Dieser Versicherungsmakler darf sich aber nicht als 'unabhängig' bezeichnen.
OLG München, Urt. v. 16.1.2020, 29 U 1834/18, Tz. 41, 46 f
Ohne Erfolg wendet sich die Beklagte allerdings gegen das vom Landgericht ausgesprochene Verbot zu behaupten, sie sei unabhängig und neutral, solange die Mehrheit ihrer Unternehmensanteile von einem Versicherer gehalten wird.

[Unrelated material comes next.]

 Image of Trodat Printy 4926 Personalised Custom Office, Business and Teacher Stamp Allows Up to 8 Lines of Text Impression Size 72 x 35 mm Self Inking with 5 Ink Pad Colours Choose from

Der entsprechende Anspruch der Klägerin folgt aus § 8 Abs. 1 S. 1, Abs. 3 Nr. 1, § 5 Abs. 1 S. 1, S. 2 Nr. 3, § 3 UWG. …
… Der angesprochene Verkehr versteht die … Aussage - anders als die „bloße“ Bezeichnung als Versicherungsmakler - nicht nur dahingehend, dass die so werbende Beklagte unabhängig von etwaigen Beteiligungsverhältnissen agiere, sondern es tatsächlich auch ist.
Dies trifft indes nicht zu: die Beteiligung der XY Lebensversicherung an der Beklagten ist unstreitig eine Mehrheitsbeteiligung, Neutralität und Unabhängigkeit sind daher nicht gegeben.